I’ve been in and out of the Walk My World Project a bit this year, following when I can and adding when I find time and inspiration. The most recent Learning Event for Walk My World has participants exploring “turning points” in their life — a time when that metaphorical fork was there and you made a choice (or had a choice a made for you).

I suppose Life is made up of these Turning Points, and all the “what ifs” that come with reflecting back. I chose a strange period in my life when the music in me went mostly silent. I had been playing my saxophone and guitar since childhood and teen years, but in my mid-20s, I packed them away.

That was for about 10 years.

I could probably point to all sorts of reasons, from the relationship I was in at the time, to the cramped apartment I was living in, to the confusion about the present and the future, to …. maybe I was just tired of music at that point. Maybe all of the above, with a little swirling action to stir the mix.

What changed that — what became my turning point — was a chance lunch. A colleague at the newspaper where I was working as a journalist was leaving the office to become a self-employed editor, and before he left, I suggested we have lunch. On the day of our lunch, he wasn’t feeling great, but he invited me to his house for coffee. I agreed, and we were hanging out when he brought me up to his “office” in the attic.

There, beyond his office area, was an attic full of musical instruments: guitars, bass, keyboard, amplifiers, drums. It was the outline of a band, and it turns out (unknown to either of us) that he was not only a musician, but he was also in the midst of starting a new band.
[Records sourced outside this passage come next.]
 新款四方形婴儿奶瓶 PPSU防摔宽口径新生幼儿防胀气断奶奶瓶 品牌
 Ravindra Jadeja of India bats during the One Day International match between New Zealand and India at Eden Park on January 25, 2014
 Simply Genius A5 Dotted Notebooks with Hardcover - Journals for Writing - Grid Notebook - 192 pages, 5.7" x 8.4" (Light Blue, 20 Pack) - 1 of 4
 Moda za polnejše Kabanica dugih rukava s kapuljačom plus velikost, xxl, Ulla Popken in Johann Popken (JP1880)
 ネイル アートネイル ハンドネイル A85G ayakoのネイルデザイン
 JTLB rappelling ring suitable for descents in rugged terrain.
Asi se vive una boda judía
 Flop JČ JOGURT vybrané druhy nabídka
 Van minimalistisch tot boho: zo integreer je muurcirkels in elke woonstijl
When he found out I once played saxophone, he asked if I wanted to jam.

The rest is history … I did jam and he and I and the drummer have now been playing in various bands for nearly 20 years (we’re in the midst of reforming yet another new band right now as our Duke Rushmore band fell apart last year).

I am grateful for that particularly turning point, because it reminded me of what I loved about making music, and about writing songs, and about playing my saxophone, and about life, too, being more than work and family (though, of course, that is very important) and about having something just of your own.

I’ll never be a professional musician — I not good enough nor am I dedicated enough, and I have long been at peace with that — but I can’t imagine life without it, either. It’s odd now to think of that ten year gap — as if it were another false life being lived at the time, as if I didn’t know who I was or what I was doing.